ITS(高度道路交通システム)やカーマルチメディア、スマホ、中国関連を中心に書き綴っています。

DSRC/ETC問題のサマリー

2005年01月12日 | ITS
このブログも過去ログが膨大になってきており、所々でサマリーを入れた方が読みやすいと思い、まずはDSRC/ETC問題についてまとめてみたい。

そもそも我が国のETCは、構想段階で問題があったと思う。
セキュリティーを厳しくするため、車載器と車両情報のマッチングを行い、さらに料金収受を確実にするため、入金忘れの恐れがあるICキャッシュカードではなくクレジットカードを採用した。そして、信頼性と拡張性を考えて高速大容量であるDSRC技術を導入した。

その結果、装着にはセットアップが必要で、かつ専用クレジットカードを作らなくてはならない。さらに立ち上がりは車載器の価格が高く、まさに普及の三重苦状態であった。
それもあり、なかなか立ち上がらないETC市場に対して国交省は継続的にインセンティブを打たなくてはならず、これはいまだにやめることが出来ない。

まあ、そうはいっても、一旦その仕様で始めてしまったことは仕方がない。最近は車載器の価格もこなれ、インセンティブの効果もあって普及は加速してきている。

しかし、ここから先に闇がある。
国交省は拡張性を考えてオーバースペックとも言われているDSRCを採用した。だから、拡張することが彼らの命題になっている。マーケットが必要としているか否かではなく、あたかも、全国に新幹線を敷設するということが目的となっているかのように。
そこには、ここまで一緒にやってきたETC関連メーカーとの関係もあると思う。

その拡張とは大きく分けて二つ。路車間通信と、商業サービス利用である。

路車間通信はITS・AHSと絡んで、安全性向上を目指している。もっとも一般的に言われているアプリケーションはカーブの先の事故・渋滞をその直前のトラフィックに通知する機能だ。これを実現するためには、路側に高価なDSRC通信機を設置する必要がある。
しかし、筆者はなぜそれをわざわざ通信で伝えなくてはいけないか、理解できない。電光警告板なら全員とコミュニケーション出来る。通信技術をつかわなくても、今すぐ出来る安全向上策のはずだ。

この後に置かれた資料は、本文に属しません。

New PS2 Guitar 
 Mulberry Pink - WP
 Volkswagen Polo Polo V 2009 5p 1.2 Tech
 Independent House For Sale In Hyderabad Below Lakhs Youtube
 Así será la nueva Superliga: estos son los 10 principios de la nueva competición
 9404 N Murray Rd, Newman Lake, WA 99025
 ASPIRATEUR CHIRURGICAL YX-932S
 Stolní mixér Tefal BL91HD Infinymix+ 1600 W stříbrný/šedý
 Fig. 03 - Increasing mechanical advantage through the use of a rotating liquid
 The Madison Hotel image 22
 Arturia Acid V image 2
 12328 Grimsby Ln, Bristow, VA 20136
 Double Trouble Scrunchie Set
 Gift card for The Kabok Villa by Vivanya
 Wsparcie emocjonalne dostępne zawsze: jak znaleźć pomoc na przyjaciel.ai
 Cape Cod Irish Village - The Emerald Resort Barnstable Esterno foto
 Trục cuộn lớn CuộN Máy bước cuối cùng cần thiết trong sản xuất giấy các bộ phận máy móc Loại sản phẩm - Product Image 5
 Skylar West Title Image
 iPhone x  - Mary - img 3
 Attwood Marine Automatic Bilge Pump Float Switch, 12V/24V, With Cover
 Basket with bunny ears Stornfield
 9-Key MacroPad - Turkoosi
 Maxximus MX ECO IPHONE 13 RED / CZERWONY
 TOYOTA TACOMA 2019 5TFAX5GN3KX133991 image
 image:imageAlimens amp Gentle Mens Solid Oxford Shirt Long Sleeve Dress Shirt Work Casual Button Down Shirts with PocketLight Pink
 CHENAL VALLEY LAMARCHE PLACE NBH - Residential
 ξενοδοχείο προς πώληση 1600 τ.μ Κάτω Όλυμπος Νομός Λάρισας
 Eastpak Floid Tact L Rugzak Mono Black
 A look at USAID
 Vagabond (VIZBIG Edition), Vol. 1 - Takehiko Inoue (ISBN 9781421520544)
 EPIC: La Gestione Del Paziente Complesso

また、商業サービスは駐車場のノンストップ通過、ガソリンスタンドやドライブスルーのキャッシュレス決済であるが、筆者は駐車場以外全く可能性がないこと、駐車場も事業性という意味では結構ハードルが高いことを指摘している。

前者は公共投資であり、税金・通行料でまかなわれる。当然、世論の目は厳しい。それをかわしながら計画を進めるため、国交省は「ITSは巨大なマーケットを形成し、経済活性化に貢献する」と言い続けている。それが12兆円とか40兆円とか、資料を見るたびに数値が異なるが何故か必ず「兆」という単位が使われている経済波及効果に現れている。
この経済波及効果を提示し、民間企業の商業サービス参入を促進しようとしている。

しかし、12兆円ということは国民一人あたり10万円。一家4人家族なら、家計に対して40万円である。そんな金額がITSで消費、もしくは税負担されるのかと考えると、この金額がいかに非現実的かよくわかる。

そして実はこの試算金額の殆どはETCによる高速料金収受額が占めており、全く経済波及効果と無縁なものであることを過去ログで指摘している。